Mas agora, doutor, a inveja se transformou em raiva. O Prata escreveu uma novela policial que é o máximo. Assim não dá. É o seu segundo livro no gênero e ele já domina a linguagem, esculpe os personagens com elegância, conduz o leitor para um lado, quando o caminho é outro. E não deixa a gente tirar os olhos do livro. Ou então, se a gente consegue tirá-los, fica pensando: e agora, o que vai acontecer? Como o sujeito vai sair dessa?

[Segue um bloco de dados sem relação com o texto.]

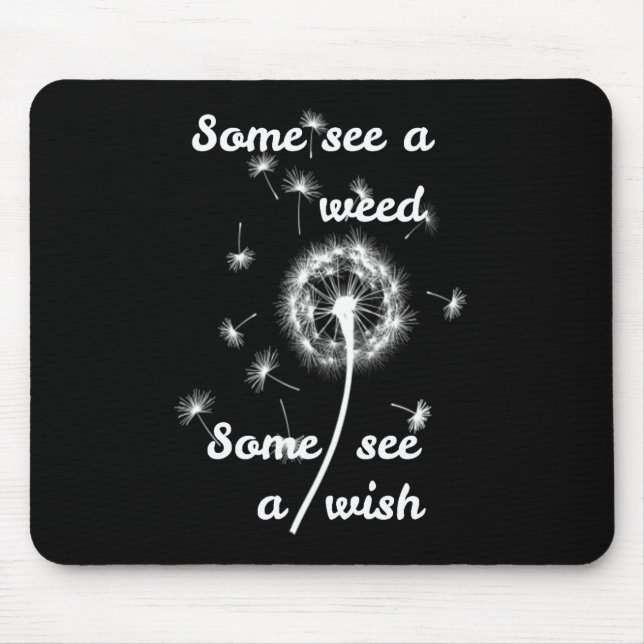 spring /some see a weed some see a wish mouse pad (Front)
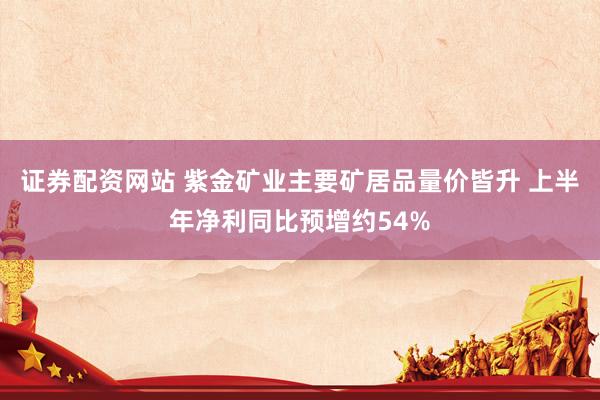 证券配资网站 紫金矿业主要矿居品量价皆升 上半年净利同比预增约54%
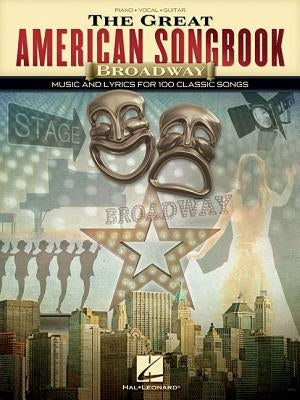 The Great American Songbook - Broadway: Music and Lyrics for 100 Classic Songs by Hal Leonard Corp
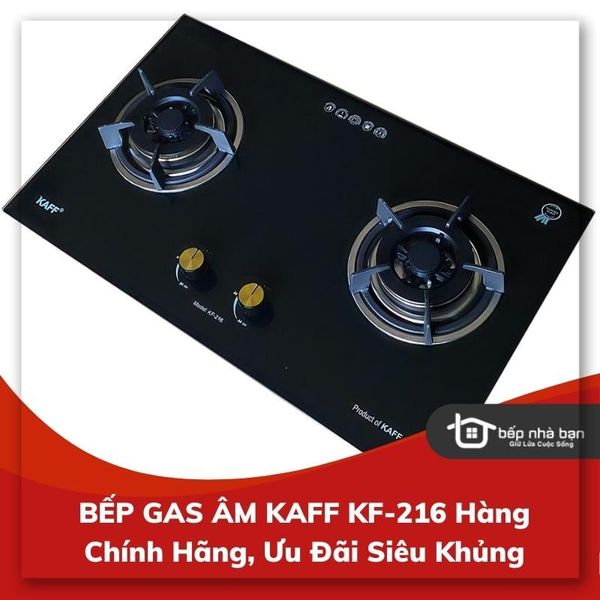 BẾP GAS ÂM KAFF KF-216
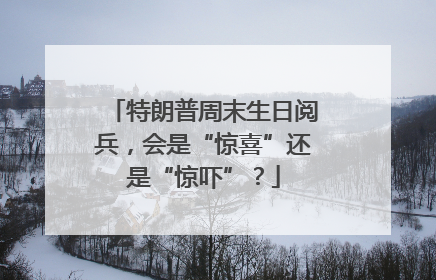 特朗普周末生日阅兵，会是“惊喜”还是“惊吓”？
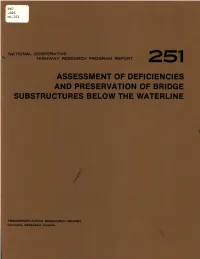 Assessment of Deficiencies and Preservation of Bridge Substructures Below the Waterline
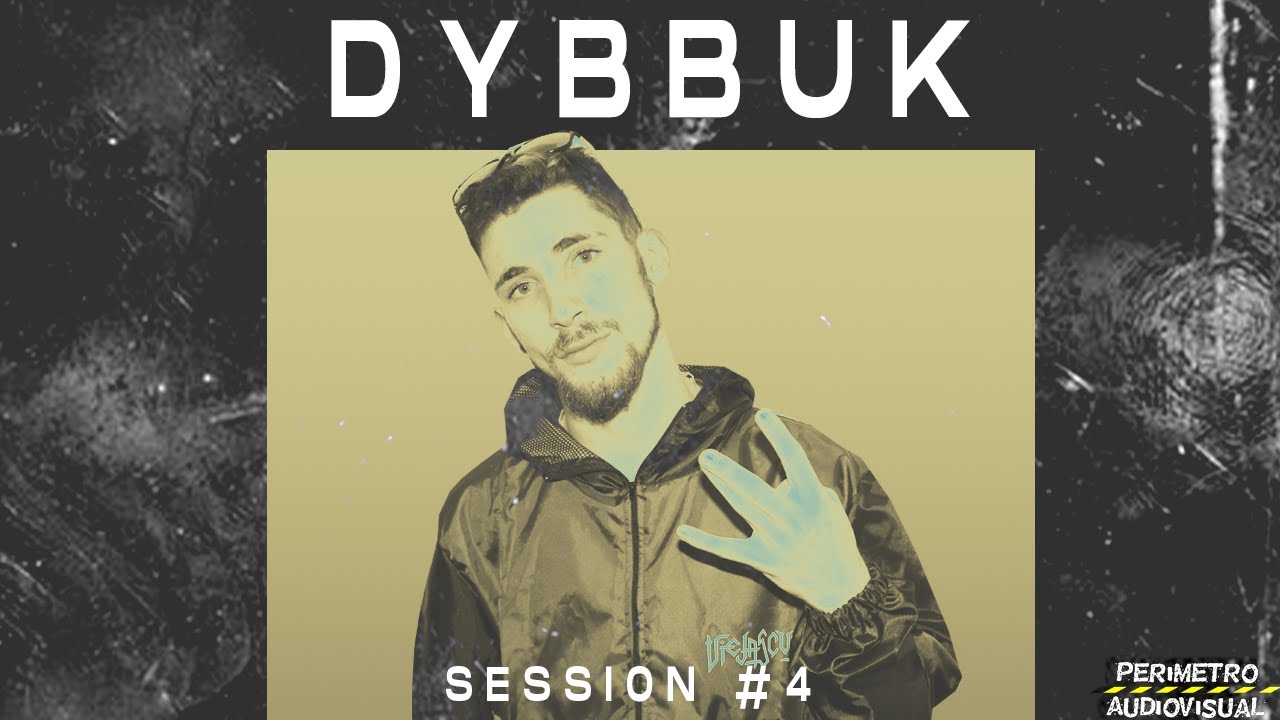 DYBBUK - PERIMETRO Music Sessions #4 (prod. CONDE)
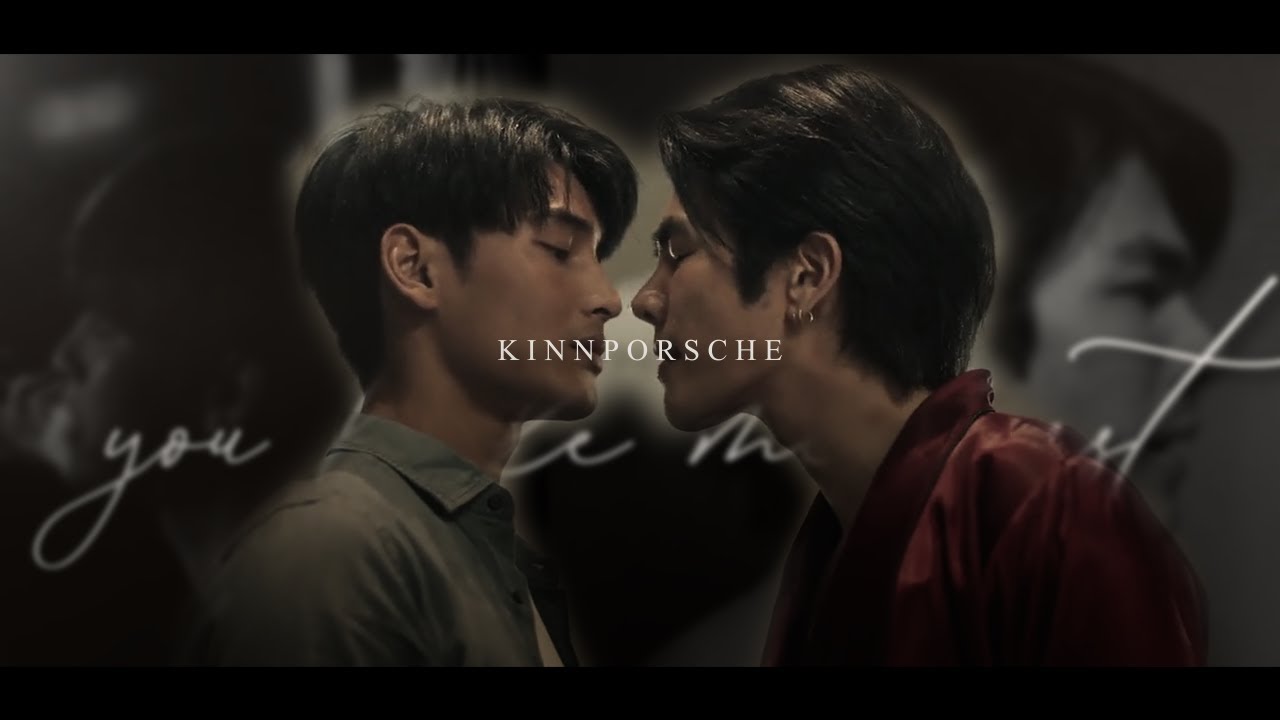 kinn & porsche // you broke me first [1x05]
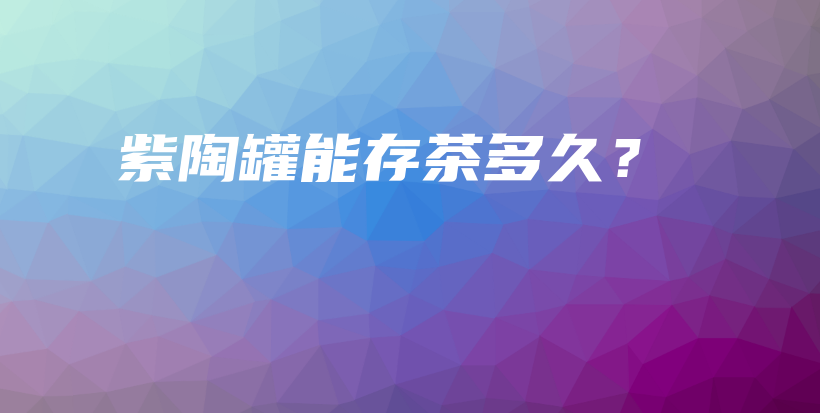 紫陶罐能存茶多久？插圖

No prefácio, a Marta Góes diz que Os Viúvos é um filme. Do Almodóvar. Eu concordo, é um filme, mas do Woody Allen. No papel da Tinha cairia bem a Scarlett Johansson. Seu namorado, o detetive Fioravanti tem a cara do Antonio Banderas. No papel do ERN, o próprio Woody Allen.

Não sei se o Woody, para dirigir, daria um tapa no roteiro, mas a trama é legal.

Um cara com as iniciais ERN leva um tombo do contador, que não transfere à Receita Federal a grana entregue a ele religiosamente, todo mês, em alguns anos. A trapaça gera um imenso rombo no caixa. ERN perde tudo para a Receita Federal. No desespero, inicia uma mega vingança que se divide em várias etapas.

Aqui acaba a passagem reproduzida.